:: Description of the task ::
Give exactly the lines from the one that contains "Aerial view of" through the end of the entries below, both included; the pictures stay out.
# # #
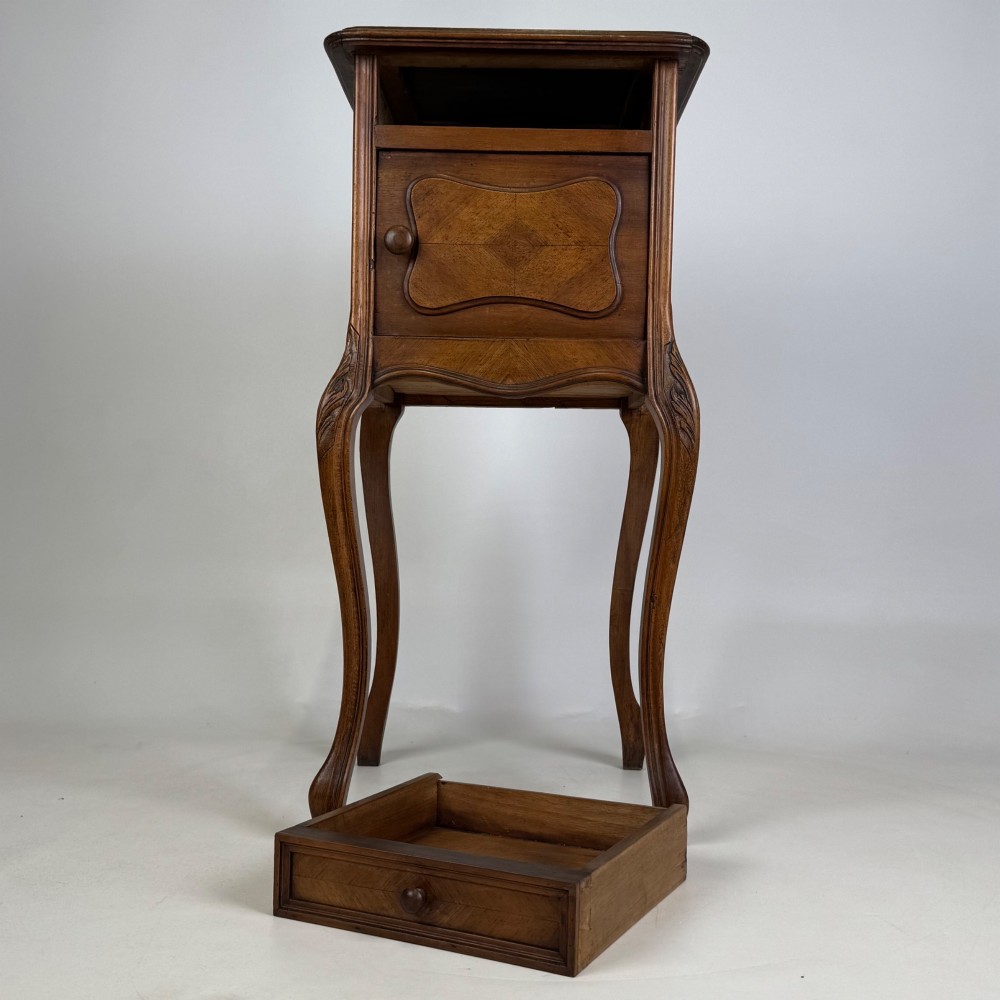 An antique French walnut bedside cabinet featuring high slender cabriole legs, a single drawer, and a carved wooden door with a marquetry panel. View XI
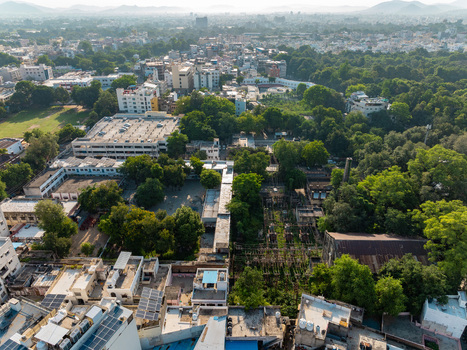 Aerial view of the urban landscape featuring dense residential buildings lush green trees and rooftops under a bright sky in Udaipur Rajasthan India.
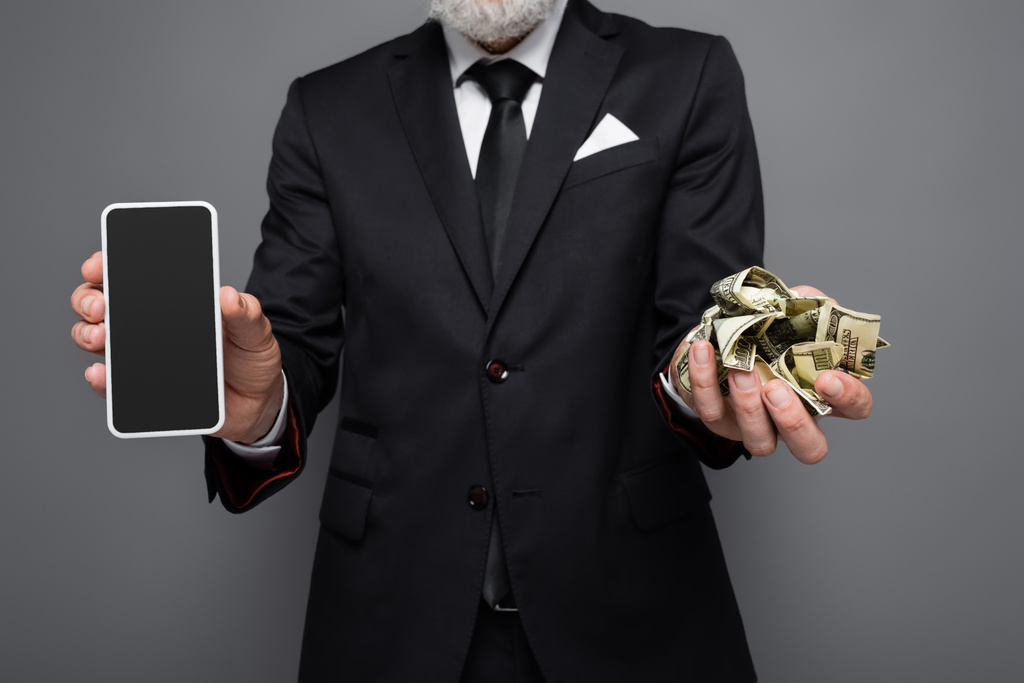abgeschnittene Ansicht von Geschäftsmann mittleren Alters mit Dollarnoten und Smartphone mit leerem Bildschirm isoliert auf grau - Foto, Bild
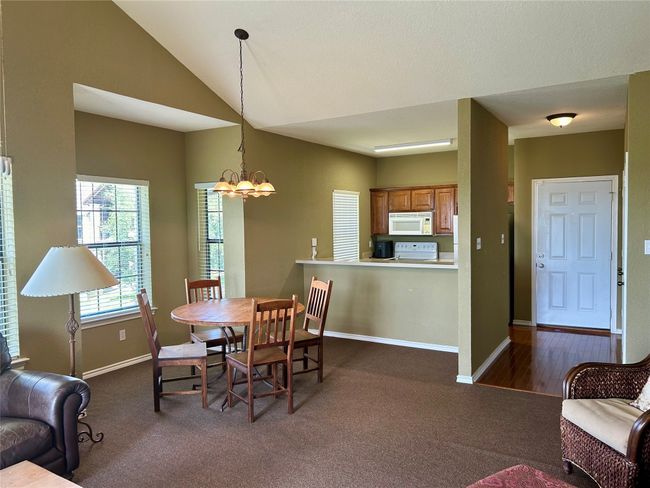 Dining room with a chandelier, baseboards, dark colored carpet, and vaulted ceiling | Image 10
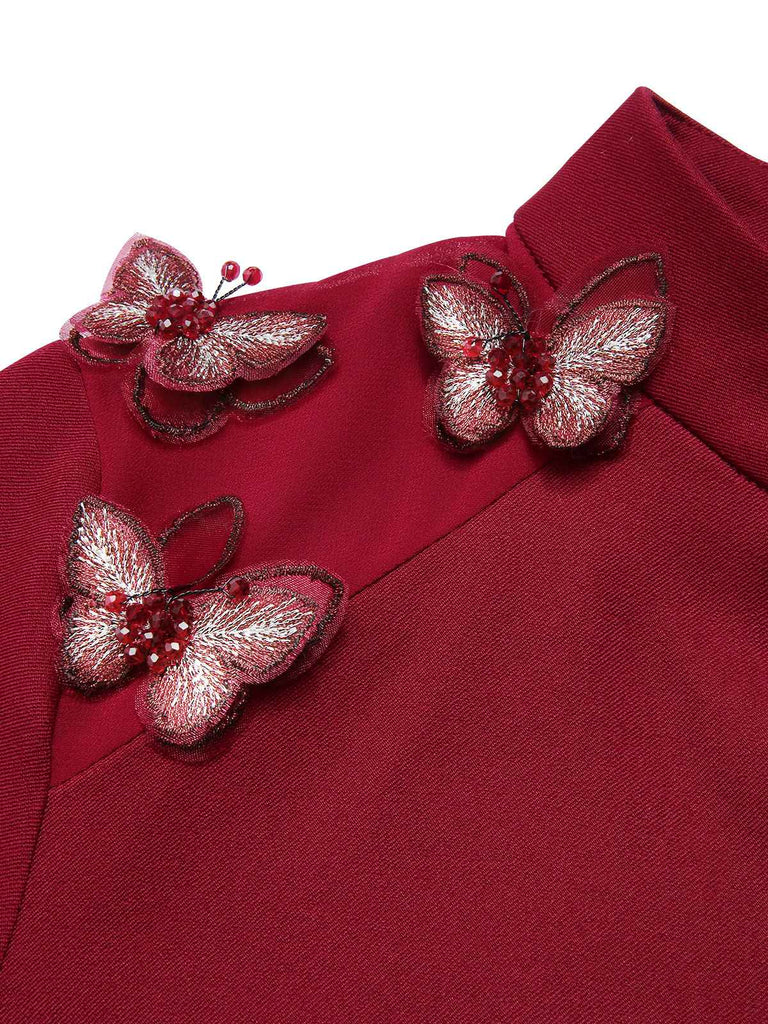 Blouse papillons à col montant rouge des années 1940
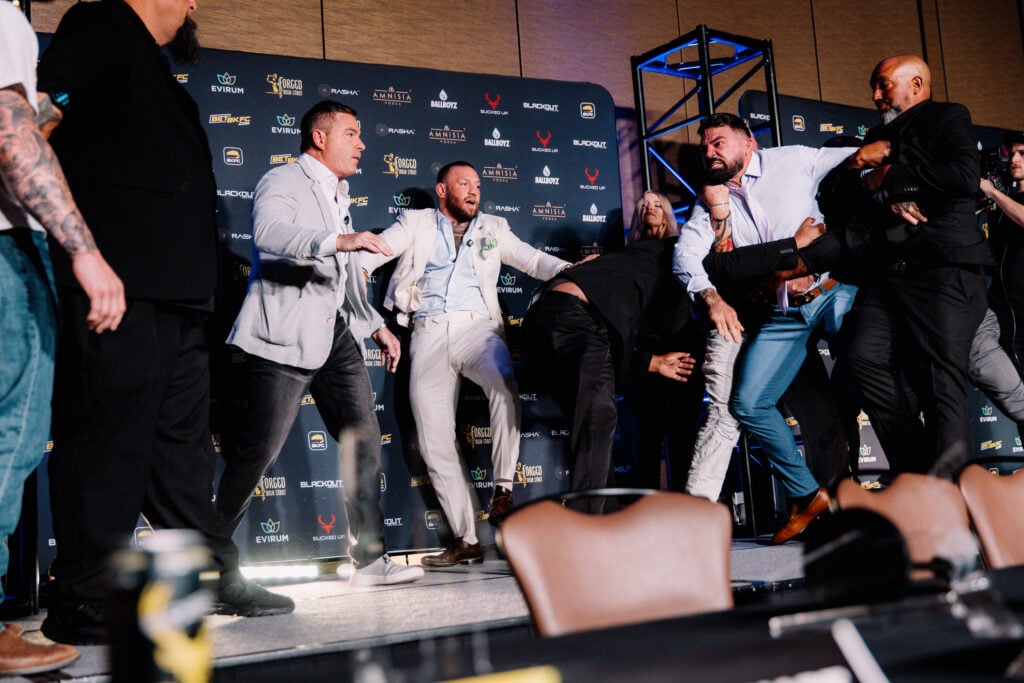 Conor McGreogr watches on as security hold back an angry Mike Perry.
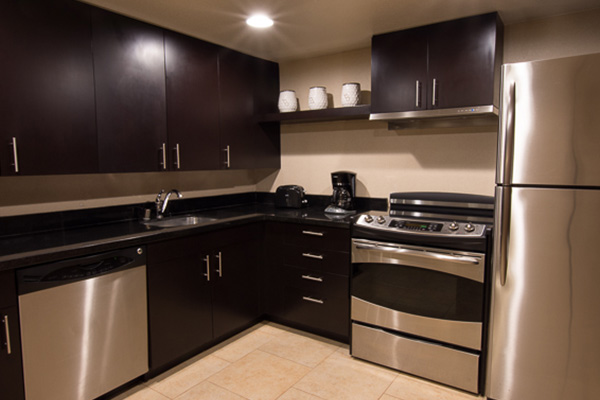 full kitchen with silver appliances and dark brown cabinets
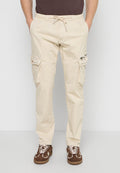 Beige Cargohosen mit Kordelzug in der Taille und mehreren Taschen, getragen mit braunen Sneakers und einem dunkelbraunen Hemd.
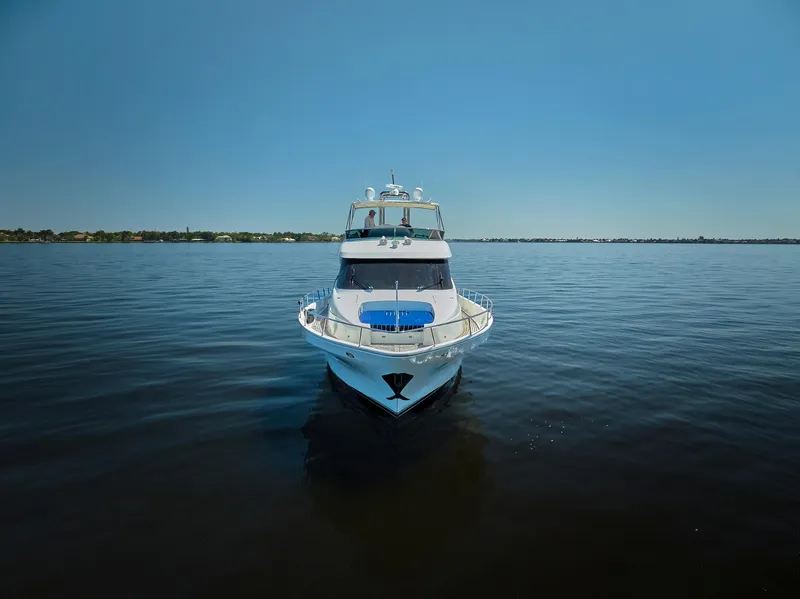 Slide: The Image of 2003 McKinna 58 Pilothouse yacht on calm water under clear blue sky. - 37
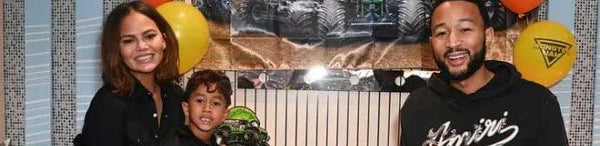 John Legend and Chrissy Teigen celebrating their son's 6th birthday in a Monster Jam-themed suite at the World Finals at SoFi Stadium
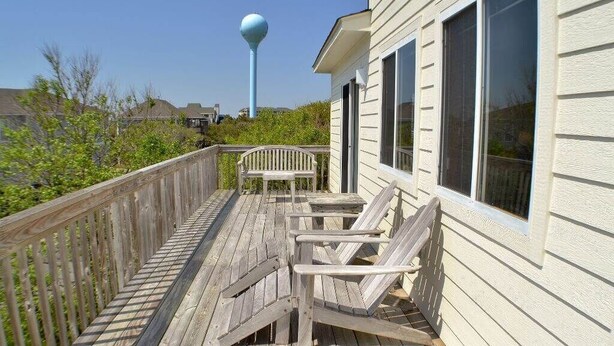 A wooden deck with a table and chairs, a railing, and a building with large windows.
# # #
:: Answer to this exercise ::
 Aerial view of the urban landscape featuring dense residential buildings lush green trees and rooftops under a bright sky in Udaipur Rajasthan India.
abgeschnittene Ansicht von Geschäftsmann mittleren Alters mit Dollarnoten und Smartphone mit leerem Bildschirm isoliert auf grau - Foto, Bild
 Dining room with a chandelier, baseboards, dark colored carpet, and vaulted ceiling | Image 10
 Blouse papillons à col montant rouge des années 1940
 Conor McGreogr watches on as security hold back an angry Mike Perry.
 full kitchen with silver appliances and dark brown cabinets
 Beige Cargohosen mit Kordelzug in der Taille und mehreren Taschen, getragen mit braunen Sneakers und einem dunkelbraunen Hemd.
 Slide: The Image of 2003 McKinna 58 Pilothouse yacht on calm water under clear blue sky. - 37
 John Legend and Chrissy Teigen celebrating their son's 6th birthday in a Monster Jam-themed suite at the World Finals at SoFi Stadium
 A wooden deck with a table and chairs, a railing, and a building with large windows.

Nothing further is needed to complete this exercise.